The third evaluation index \(p_{max}\) is the value with the highest similarity among the target images of assuming. This value can suppress the stagnation of the evaluation value \(F\) when the histogram distribution of the surrounding object images has a higher similarity.

The pixel with the largest evaluation value \(F\) can be judged to be superior. The proposed method evaluates the discriminability of pixels using the aforementioned idea, and finally determines pixels with a certain level of goodness from a practical standpoint as an approximate solution.

3.5  Matching Method

The object detection is performed by calculating the similarity with the search image using the pixels selected by the process in Sect. 3.4. The similarity is calculated while raster-scanning the search image, and the best match position is the one with the highest similarity. Sum of Squared Differences (SSD) is used to calculate the similarity, and Sequential Similarity Detection Algorithm (SSDA) is used to speed up the calculation.

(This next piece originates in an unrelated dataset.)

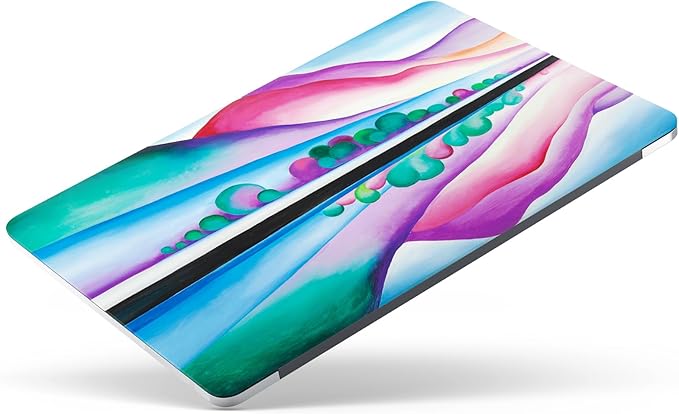 Berkin Arts for MacBook Air 13.6 inch Case A3240 A3113 A2681 (M4 M3 M2) 2025 2024-2022 Release with Keyboard Cover & Screen Protector Abstract Landscape(Lake George Reflection by O'Keeffe)
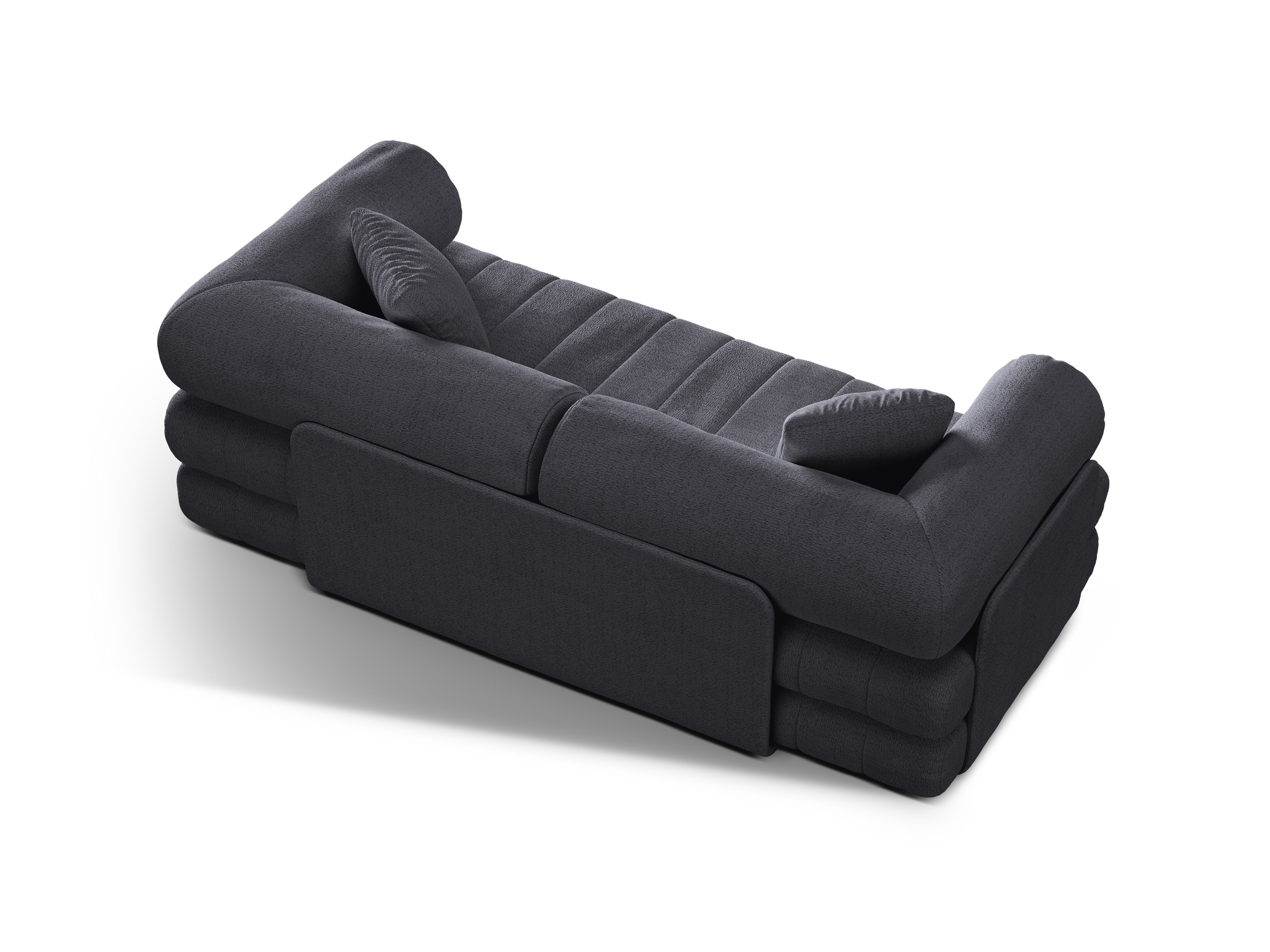 Sofa 3-Sitzer mit Schlaf-Funktion KEMI graues Bouclé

In the process flow, selected pixels \(f(n)\) are stored as either intensity values or hue values in a 1D array \(f_G(n)\) or \(f_H(n)\). The i-coordinate and j-coordinate of the selected pixel are also stored in a 1-dimensional array as \(f_i(n)\) and \(f_j(n)\). The sum of the squares of the difference between the pixels of the target image and search images when they are shifted by \((\delta_x, \delta_y)\) pixels and superimposed on each other is calculated using Eqs. (5) and (6). In this case, the value of the search image is \(g(i, j)\), and it switches between intensity value and hue value depending on the information \(f_R(n)\) of the object image. The information \(f_R(n)\) is given to the target object image as 0 if the pixel has an intensity value and 1 if the pixel has a hue value. In this case, the number of selected pixels is \(M\).

\[\begin{align} & S_{SSD} = \sum^{M-1}_{n=0}(g(f_i(n)+\delta_x, f_j(n)+\delta_y)-f(n))^2 \, \tag{5} \\ & f(n)=\left\{ \begin{array}{ll} f_G(n) & \textit{if} \quad f_R(n) = 0 \\ f_H(n) & \textit{if} \quad f_R(n) = 1 \end{array}\right. \tag{6} \end{align}\]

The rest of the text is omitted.